[Short text fragments from websites]
[Start of section]
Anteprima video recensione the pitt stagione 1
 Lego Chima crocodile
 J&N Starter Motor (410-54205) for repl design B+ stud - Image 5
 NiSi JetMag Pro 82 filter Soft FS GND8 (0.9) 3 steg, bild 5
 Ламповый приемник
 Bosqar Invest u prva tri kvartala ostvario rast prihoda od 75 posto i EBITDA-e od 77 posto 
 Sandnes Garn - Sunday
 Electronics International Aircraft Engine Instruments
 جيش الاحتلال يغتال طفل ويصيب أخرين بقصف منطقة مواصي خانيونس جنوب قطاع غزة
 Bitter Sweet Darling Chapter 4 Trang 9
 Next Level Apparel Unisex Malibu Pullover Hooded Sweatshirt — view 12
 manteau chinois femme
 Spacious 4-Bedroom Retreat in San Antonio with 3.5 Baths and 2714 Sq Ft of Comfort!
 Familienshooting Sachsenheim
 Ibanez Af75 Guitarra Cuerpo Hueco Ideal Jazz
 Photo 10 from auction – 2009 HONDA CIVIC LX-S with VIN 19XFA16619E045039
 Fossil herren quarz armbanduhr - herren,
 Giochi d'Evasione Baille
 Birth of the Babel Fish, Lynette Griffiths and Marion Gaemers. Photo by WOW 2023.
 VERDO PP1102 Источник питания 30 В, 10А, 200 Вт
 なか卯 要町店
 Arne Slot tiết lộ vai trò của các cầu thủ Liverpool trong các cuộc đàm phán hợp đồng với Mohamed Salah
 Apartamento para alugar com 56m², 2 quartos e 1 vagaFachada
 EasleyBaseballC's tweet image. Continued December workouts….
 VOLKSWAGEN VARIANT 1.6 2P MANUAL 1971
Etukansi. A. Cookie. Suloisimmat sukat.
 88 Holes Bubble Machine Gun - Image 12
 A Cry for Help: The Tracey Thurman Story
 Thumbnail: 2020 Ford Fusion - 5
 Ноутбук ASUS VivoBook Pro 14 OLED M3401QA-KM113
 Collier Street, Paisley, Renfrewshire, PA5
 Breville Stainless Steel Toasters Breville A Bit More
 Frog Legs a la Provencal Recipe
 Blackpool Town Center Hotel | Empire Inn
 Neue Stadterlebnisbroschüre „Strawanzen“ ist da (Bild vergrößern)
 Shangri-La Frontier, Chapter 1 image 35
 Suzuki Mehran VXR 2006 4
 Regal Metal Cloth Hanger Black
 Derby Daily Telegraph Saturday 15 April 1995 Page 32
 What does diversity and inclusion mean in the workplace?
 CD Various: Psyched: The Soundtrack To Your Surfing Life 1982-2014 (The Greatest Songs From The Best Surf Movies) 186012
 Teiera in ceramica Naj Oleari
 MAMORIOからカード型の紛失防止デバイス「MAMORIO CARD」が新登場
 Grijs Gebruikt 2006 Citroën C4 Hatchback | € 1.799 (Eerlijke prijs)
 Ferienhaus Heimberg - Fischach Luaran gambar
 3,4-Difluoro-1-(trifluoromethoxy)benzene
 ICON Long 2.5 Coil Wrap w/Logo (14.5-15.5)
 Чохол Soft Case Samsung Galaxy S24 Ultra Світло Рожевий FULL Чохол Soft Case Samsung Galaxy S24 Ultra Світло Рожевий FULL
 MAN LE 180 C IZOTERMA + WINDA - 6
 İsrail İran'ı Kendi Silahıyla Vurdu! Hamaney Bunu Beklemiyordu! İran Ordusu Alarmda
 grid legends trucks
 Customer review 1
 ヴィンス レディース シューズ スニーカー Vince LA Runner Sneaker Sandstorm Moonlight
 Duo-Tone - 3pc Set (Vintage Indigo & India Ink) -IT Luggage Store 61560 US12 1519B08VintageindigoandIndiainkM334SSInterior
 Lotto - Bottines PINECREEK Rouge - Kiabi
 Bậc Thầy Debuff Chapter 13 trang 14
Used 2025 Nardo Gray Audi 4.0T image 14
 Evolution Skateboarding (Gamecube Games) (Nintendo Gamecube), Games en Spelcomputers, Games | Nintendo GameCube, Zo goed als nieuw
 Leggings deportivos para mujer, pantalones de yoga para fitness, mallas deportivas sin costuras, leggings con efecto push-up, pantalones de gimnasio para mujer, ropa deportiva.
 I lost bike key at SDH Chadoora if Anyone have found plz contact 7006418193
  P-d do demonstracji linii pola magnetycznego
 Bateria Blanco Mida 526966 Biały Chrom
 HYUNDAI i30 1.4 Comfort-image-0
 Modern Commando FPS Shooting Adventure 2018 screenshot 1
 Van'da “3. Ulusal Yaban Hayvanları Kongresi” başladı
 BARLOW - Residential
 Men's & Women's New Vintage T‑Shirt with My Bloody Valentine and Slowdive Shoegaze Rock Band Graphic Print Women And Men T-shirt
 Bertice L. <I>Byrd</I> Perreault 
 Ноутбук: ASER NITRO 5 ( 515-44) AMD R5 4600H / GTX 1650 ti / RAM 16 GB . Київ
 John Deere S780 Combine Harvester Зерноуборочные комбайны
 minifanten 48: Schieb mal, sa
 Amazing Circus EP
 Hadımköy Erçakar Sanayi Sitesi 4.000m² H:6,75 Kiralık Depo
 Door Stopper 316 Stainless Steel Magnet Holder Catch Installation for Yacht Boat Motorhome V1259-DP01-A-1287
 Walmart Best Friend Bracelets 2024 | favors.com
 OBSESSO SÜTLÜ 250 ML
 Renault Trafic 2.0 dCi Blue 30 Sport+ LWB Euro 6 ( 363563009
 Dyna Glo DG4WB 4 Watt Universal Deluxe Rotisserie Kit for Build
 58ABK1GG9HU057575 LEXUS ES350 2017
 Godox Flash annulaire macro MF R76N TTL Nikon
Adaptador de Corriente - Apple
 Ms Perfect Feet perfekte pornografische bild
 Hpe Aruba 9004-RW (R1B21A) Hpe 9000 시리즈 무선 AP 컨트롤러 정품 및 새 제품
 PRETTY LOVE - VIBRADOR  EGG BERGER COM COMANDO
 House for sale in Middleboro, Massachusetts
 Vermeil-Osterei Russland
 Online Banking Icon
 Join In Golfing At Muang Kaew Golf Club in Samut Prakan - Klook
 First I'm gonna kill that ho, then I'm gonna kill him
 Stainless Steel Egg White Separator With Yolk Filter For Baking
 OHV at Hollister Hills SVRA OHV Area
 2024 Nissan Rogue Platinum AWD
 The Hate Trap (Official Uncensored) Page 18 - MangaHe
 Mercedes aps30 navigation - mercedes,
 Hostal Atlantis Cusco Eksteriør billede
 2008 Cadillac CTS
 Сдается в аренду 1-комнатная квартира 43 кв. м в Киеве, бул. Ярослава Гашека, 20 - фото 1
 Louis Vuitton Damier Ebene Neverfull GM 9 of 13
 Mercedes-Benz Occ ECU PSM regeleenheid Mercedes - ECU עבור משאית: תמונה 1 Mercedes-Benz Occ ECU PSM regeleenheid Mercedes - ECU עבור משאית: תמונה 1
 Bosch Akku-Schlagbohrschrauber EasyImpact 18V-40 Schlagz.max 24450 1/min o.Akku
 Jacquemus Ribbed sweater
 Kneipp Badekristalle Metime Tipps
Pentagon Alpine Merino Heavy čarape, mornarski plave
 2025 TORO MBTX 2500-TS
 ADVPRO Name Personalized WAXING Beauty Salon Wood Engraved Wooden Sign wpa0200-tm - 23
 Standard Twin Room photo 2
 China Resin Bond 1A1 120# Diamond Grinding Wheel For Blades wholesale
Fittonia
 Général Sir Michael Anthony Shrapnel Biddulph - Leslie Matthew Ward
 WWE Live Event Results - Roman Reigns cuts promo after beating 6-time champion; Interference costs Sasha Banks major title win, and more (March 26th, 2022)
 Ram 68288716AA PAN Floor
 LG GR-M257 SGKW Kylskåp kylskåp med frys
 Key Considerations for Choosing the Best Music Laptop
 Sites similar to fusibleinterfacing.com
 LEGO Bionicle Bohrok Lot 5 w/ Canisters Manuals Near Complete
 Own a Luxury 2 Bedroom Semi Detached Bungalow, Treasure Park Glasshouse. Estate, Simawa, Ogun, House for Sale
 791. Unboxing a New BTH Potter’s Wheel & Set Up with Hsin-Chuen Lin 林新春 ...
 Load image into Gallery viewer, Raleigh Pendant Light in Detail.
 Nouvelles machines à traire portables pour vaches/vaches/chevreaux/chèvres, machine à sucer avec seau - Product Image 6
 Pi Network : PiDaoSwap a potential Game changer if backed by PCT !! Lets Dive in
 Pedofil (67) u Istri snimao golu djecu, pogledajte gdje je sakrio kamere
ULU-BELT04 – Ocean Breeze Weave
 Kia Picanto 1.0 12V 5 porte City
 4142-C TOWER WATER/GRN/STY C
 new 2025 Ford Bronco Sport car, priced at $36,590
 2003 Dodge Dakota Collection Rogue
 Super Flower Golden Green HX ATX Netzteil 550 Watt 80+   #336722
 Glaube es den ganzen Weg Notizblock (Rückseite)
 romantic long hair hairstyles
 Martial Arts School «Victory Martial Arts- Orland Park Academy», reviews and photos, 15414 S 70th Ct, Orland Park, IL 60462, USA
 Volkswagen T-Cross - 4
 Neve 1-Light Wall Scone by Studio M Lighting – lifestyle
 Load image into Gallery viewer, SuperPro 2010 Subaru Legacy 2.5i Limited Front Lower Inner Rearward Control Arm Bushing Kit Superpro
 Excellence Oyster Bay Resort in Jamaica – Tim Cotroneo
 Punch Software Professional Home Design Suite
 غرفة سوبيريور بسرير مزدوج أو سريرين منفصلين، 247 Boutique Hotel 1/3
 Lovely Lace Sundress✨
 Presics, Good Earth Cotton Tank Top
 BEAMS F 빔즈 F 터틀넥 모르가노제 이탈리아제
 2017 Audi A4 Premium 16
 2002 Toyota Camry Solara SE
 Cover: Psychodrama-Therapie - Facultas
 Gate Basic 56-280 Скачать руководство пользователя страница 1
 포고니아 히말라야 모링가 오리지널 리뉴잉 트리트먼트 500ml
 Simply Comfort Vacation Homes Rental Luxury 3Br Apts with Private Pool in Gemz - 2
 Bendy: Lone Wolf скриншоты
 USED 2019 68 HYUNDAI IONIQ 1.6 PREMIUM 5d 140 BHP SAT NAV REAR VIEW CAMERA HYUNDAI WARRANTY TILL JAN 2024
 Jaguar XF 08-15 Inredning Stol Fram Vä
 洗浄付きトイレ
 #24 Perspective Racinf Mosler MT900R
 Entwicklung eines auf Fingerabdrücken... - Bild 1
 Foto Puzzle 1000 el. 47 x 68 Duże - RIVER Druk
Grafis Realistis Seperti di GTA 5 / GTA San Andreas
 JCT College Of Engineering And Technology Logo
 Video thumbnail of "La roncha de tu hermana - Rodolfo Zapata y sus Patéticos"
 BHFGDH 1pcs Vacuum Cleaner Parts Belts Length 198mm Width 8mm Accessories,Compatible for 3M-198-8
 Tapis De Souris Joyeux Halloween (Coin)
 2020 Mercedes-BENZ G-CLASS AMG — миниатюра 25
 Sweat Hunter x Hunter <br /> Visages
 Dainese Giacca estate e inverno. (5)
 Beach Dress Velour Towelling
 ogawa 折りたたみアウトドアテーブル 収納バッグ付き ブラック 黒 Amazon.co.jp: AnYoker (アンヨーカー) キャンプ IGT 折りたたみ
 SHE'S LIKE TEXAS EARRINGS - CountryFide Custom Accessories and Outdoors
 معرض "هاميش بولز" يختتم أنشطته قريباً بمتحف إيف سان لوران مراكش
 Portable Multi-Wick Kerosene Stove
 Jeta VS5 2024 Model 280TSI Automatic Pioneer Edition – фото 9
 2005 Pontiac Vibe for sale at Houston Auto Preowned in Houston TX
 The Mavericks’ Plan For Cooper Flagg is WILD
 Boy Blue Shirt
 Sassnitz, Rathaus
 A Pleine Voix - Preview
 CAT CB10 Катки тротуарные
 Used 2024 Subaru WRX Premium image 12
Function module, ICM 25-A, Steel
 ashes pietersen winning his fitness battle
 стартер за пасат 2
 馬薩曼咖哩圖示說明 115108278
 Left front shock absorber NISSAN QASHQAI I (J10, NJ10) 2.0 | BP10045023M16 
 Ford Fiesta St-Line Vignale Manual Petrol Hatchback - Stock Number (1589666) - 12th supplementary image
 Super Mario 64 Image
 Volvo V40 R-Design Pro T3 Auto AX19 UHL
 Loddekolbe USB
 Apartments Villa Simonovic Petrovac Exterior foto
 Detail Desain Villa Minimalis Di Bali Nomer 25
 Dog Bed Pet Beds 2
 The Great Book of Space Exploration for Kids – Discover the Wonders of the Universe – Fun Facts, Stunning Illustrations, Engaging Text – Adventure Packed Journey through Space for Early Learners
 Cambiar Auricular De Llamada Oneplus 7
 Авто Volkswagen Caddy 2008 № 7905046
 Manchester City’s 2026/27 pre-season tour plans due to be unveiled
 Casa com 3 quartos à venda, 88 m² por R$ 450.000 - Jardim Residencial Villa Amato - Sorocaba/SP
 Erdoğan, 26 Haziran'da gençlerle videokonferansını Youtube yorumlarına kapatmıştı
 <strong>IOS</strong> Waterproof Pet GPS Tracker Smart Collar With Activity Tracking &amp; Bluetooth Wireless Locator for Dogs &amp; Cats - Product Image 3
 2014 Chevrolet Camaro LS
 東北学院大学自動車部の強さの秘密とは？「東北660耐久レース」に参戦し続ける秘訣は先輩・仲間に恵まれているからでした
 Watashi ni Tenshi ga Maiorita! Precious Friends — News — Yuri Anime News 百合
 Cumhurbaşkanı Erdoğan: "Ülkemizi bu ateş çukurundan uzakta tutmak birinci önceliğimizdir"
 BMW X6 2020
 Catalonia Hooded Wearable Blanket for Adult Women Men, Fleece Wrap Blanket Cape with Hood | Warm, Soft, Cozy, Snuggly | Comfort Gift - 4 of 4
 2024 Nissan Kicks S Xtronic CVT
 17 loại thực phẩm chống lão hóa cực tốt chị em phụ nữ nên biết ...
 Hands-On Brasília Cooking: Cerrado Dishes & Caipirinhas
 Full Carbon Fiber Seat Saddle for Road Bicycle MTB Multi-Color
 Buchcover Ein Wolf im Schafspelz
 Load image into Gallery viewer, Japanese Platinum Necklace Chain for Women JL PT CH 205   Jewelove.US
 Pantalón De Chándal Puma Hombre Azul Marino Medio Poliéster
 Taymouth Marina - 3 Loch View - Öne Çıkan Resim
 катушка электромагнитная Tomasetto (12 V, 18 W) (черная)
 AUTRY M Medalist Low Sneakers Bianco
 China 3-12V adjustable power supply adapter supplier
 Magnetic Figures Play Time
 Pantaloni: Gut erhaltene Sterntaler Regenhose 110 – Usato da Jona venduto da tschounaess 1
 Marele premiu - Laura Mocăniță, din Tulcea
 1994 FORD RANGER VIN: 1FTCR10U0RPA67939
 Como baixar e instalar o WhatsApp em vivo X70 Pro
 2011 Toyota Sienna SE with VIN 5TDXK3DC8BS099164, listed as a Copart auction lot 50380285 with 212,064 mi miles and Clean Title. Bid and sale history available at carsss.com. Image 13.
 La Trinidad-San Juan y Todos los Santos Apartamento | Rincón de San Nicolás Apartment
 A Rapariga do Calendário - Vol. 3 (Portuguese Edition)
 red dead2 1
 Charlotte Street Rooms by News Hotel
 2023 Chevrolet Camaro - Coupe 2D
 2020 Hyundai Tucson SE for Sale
[End of section]
= What is expected =
Retype exactly the lines from the start of the entries through the one with "Birth of the"; include both ends.

= Response to this exercise =
Anteprima video recensione the pitt stagione 1
 Lego Chima crocodile
 J&N Starter Motor (410-54205) for repl design B+ stud - Image 5
 NiSi JetMag Pro 82 filter Soft FS GND8 (0.9) 3 steg, bild 5
 Ламповый приемник
 Bosqar Invest u prva tri kvartala ostvario rast prihoda od 75 posto i EBITDA-e od 77 posto 
 Sandnes Garn - Sunday
 Electronics International Aircraft Engine Instruments
 جيش الاحتلال يغتال طفل ويصيب أخرين بقصف منطقة مواصي خانيونس جنوب قطاع غزة
 Bitter Sweet Darling Chapter 4 Trang 9
 Next Level Apparel Unisex Malibu Pullover Hooded Sweatshirt — view 12
 manteau chinois femme
 Spacious 4-Bedroom Retreat in San Antonio with 3.5 Baths and 2714 Sq Ft of Comfort!
 Familienshooting Sachsenheim
 Ibanez Af75 Guitarra Cuerpo Hueco Ideal Jazz
 Photo 10 from auction – 2009 HONDA CIVIC LX-S with VIN 19XFA16619E045039
 Fossil herren quarz armbanduhr - herren,
 Giochi d'Evasione Baille
 Birth of the Babel Fish, Lynette Griffiths and Marion Gaemers. Photo by WOW 2023.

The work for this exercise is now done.